Nelson Mandela’s political legacy is too great, too various, to summarise in a single post. But for me he represents a core insight.
For a revolutionary political idea to thrive, it must not be consumed by the very zeal it ignites.
This is not to underestimate the importance of Mandela’s cause. And it is sobering to think that, two hundred years after the Enlightenment’s high watermark, the rightness of that cause was not at all self-evident to the greater part of white South African opinion, any more than Rosa Parks’s validity as a person with rights was self-evident to George Wallace.
Rather, it is to appreciate the enormity of what Mandela did.
Conflicts between interests, nations and individuals have a dialectical tendency that can perpetuate them. Our appetite for justice makes us log and itemise the wrongs done to us. The very metaphors of balance, scales, blindness, can lead us to seek an exact retribution, commensurate with harms endured. When there are rooted perceptions of right on both sides then the dynamics of “you did that, so we will do this” can seem never-ending. When the forces opposed are asymmetric, then horrors ensue. The sense of grievance is used as a basis for disproportionate aggression, even tyranny. The Russian invasion of South Ossetia had as its immediate occasion a Georgia-supported skirmish into North Ossetia. Imperialist violence masqueraded as righteous indignation.
Yet even where right sits clearly on one side, the appetite for justice can lead to just causes being derailed by their own momentum. The history of revolutions is too often the history of freedom-fighters turned tyrants.
Few – not even those who styled Mandela “a terrorist” as late as the 1980s – would now wish to be associated with the hateful apparatus of legalised inequality, Bantustans, and armed, trigger-happy police. Many indeed would have seen immediate acts of legalised vengeance by a majority ANC regime in the 1990s as understandable. But such a retribution would have risked becoming the thing it hated. Mandela might have become Mugabe.

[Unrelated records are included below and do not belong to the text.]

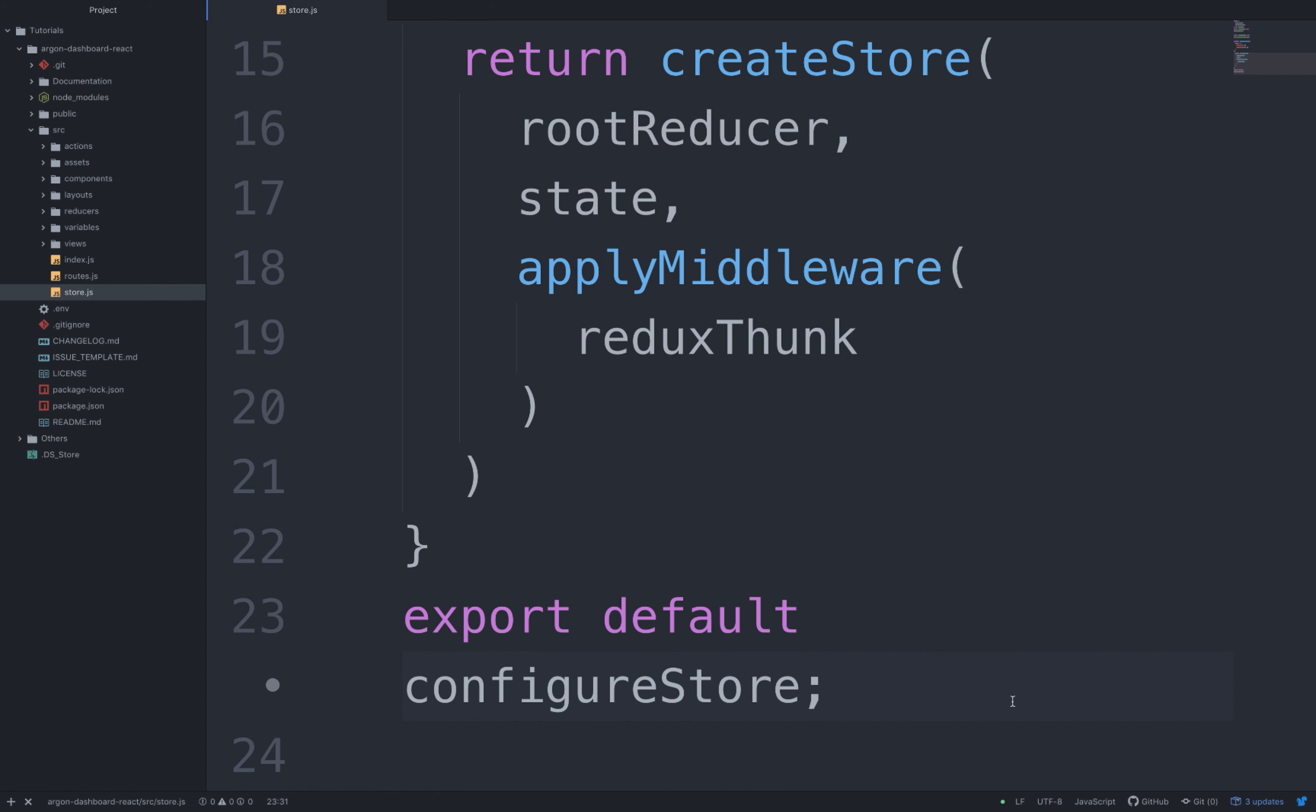At the moment, if we were to start our app, nothing would happen since all the actions and our store are not being rendered in our app. So this is what we are going to do now. First, let's add our store.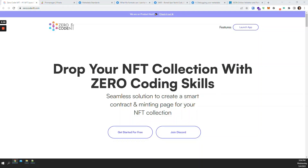Hey guys, here with Zero Code NFT. In today's video I'd like to break down the anatomy of an NFT and see exactly what kind of prep work we need to do in order to prepare your NFT assets to be sold and minted via a custom smart contract like the one you can create using our no-code smart contract and mint page builder.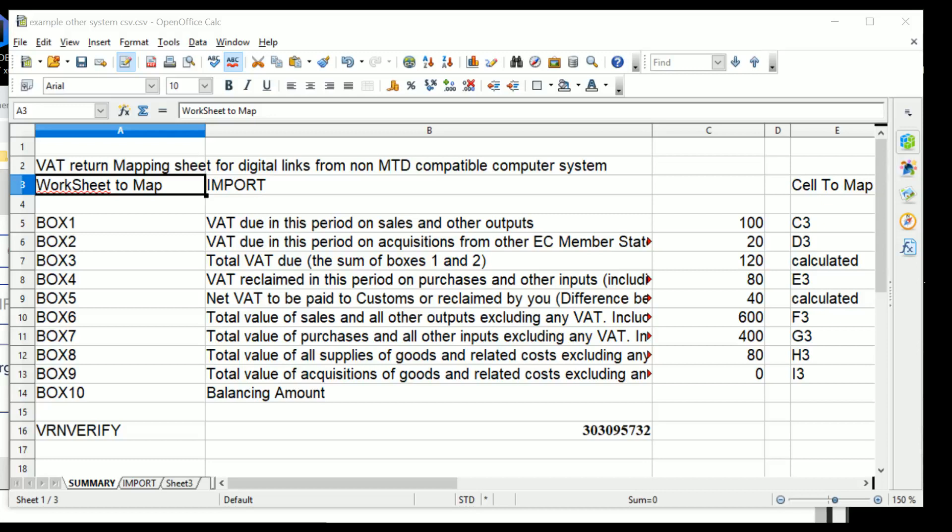This is a Sirastratus training video to explain how to create digital links from a computer system which is not compatible with Making Tax Digital and the Sirastratus API or any other CSV API, so that you can create those digital links without necessarily upgrading your accounting system.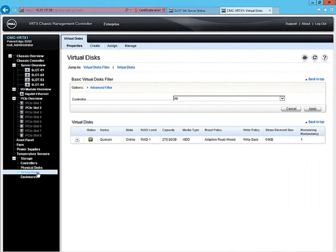Under the Storage Virtual Disk section, we'll select Create to get started with a new virtual disk for our Windows Server 2012 failover cluster.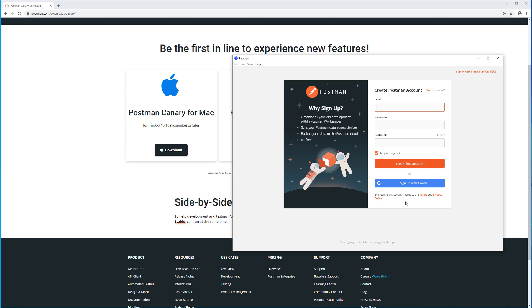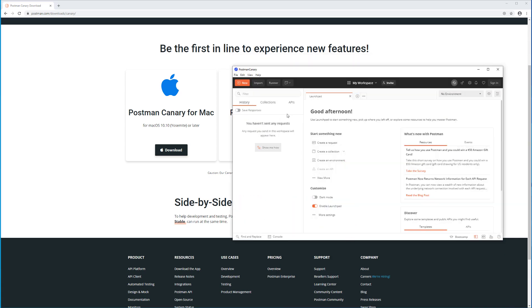Now once the installation is finished, you can sign up or sign in if you have an account, or you can just skip this. And now we have Postman installed and working.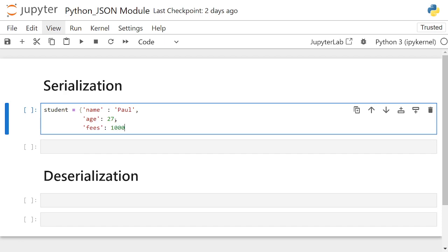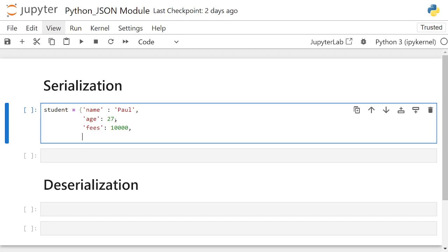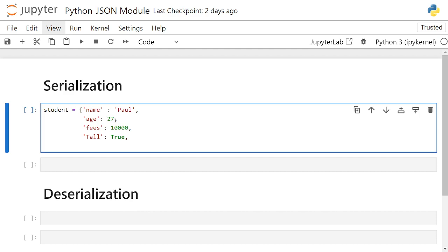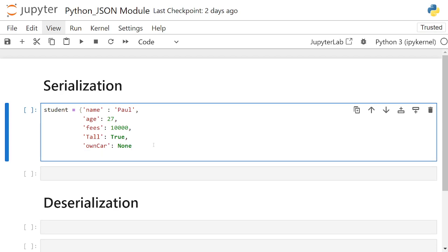Let's say fees is 10,000. Then I'll add another attribute: is_tall — of course this is a boolean, so True. Then one more attribute: owns_car, and I'll set that to None since the student doesn't own a car. The last one doesn't need a comma. So this is just basic student information — the attributes of this student.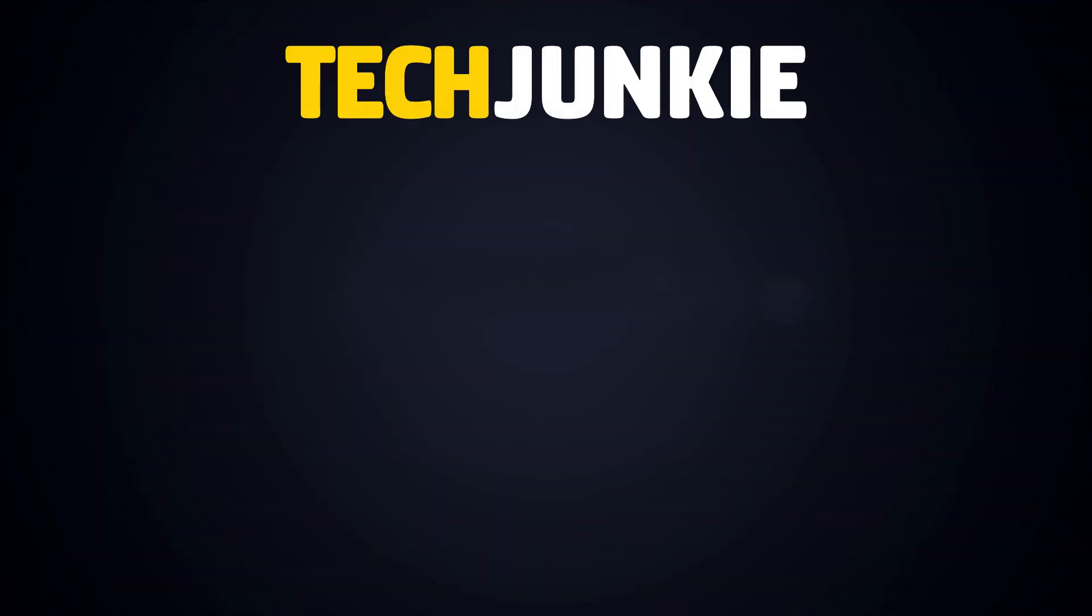If you liked this guide, make sure you subscribe for all sorts of videos covering Zoom and other technology. And don't forget to check out one of these videos we think you might enjoy.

Mandela’s greatness was not only to uphold his ideals tenaciously. It was to incarnate the principle that unites all truly great ethical systems and philosophies: that justice is counterbalanced with mercy. Mercy: that capacity to suspend in an eternal moment the accountancy of wrongs that should be righted, and to perceive and serve interests far greater than one’s immediate sense of affront.
To understand how hard this is, think about our daily complaints about poor service, petty slights, workplace grievances, and how aggressively we seek immediate and complete redress. Then imagine what revenge most us would want exacted after losing 27 years of life on indefensible grounds.

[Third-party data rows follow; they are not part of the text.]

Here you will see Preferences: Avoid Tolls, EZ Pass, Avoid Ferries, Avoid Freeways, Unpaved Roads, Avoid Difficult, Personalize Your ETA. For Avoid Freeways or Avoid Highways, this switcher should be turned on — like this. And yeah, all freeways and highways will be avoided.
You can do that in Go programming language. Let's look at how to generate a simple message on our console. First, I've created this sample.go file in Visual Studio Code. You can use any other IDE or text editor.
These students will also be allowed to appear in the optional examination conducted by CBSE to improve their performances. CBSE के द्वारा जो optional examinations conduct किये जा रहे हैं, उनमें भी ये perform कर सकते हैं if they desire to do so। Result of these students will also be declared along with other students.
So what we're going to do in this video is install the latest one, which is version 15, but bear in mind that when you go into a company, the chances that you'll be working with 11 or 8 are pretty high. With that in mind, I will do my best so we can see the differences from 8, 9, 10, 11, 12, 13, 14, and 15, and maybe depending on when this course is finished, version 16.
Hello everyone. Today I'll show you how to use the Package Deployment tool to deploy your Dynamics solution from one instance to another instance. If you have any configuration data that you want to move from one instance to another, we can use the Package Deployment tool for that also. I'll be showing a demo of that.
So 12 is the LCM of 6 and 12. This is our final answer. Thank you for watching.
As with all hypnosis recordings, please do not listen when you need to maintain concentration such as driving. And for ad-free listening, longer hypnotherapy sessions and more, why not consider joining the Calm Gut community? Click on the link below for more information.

Mandela’s insight – that his just cause was at once served and transcended by mercy – has been shared by too few in history. Whether his successors understand his legacy fully is a debate for another day. Today, we should marvel at his example of how to live by the most exalted standards.
3 Comments
Couldn’t agree more about the greatness of Mandela bu. what a pity to spoil the effect of your message by misusing the word ‘enormity’, which means a great crime or sin.

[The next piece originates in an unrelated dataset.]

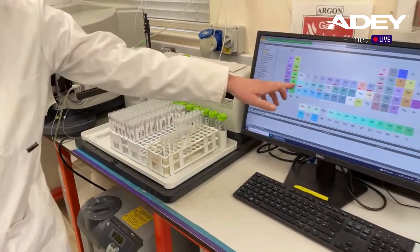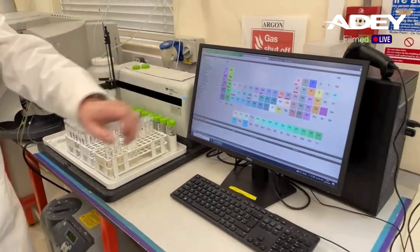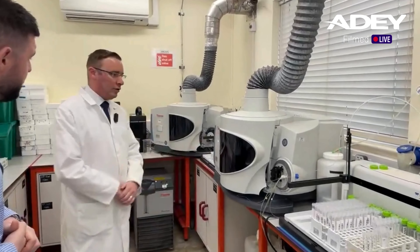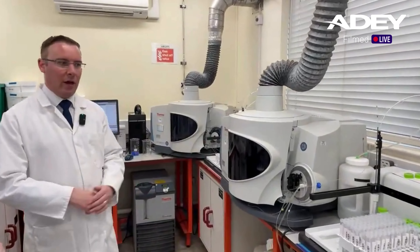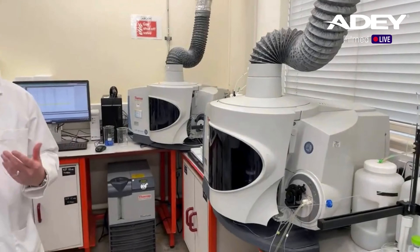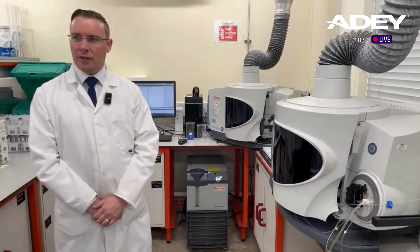Each metal emits light at a characteristic wavelength that only it will have. We've also got a second instrument to allow us to have that high capacity throughput and speed of service that our customers are expecting. It doesn't look like cheap equipment either, Josh. No, it's certainly not cheap equipment - that is for sure.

*Sighs at misplaced pedantry*
There are three reasons why the point you make is not as valid (from validus, Latin, meaning having force) as you might think. The first is the evolution of the word enormity in vulgar, where great expanse is suggested. This connects directly to the second. The moral connotation – of offence – has little etymological basis. The Latin root enormitas is a mostly neutral abstraction, though capable, especially in later usage, of the specific moral resonance, into which, having at first evolved, it has now, for some, been frozen.
Of course, the distancing of usage meanings from root meanings is reasonably common in Latinate words – see horrid and horridus for a considerable decoupling. But the moral appropriation here is particularly egregious, more so even than that of egregious (from Latin grex, where being merely outside of commonality has been given a sheep/goats religiosity).
So the meaning has remained unstable in common usage, partly through the self-evidence of the pure root meaning and the questionable received dominance of the ethical register.
But my third reason constitutes a partial concession to your point. The moral resonance of enormity as you would have it derived from attempts to specify an act beyond conventional boundaries. To those hidebound by the standards of a nineteenth century moralist (or grammarian) that could only mean immoral. But in the meaning (admittedly rarer) I am striving for something of the Kierkegaardian sense of a moral category beyond ordinary calculation is conveyed.
It is always – I find – worth pausing, before questioning someone’s use of a word, to consider whether they might not have thought it through themselves already.
Suppose Robert Mugabe were to die tomorrow …
Ok, once you’ve thought about that a bit, that’s enough to make you see that, yes, Nelson Mandela was a great man, unlike so many others of his generation who too could have been honoured heroes of liberation if it were not for what they did once they achieved power.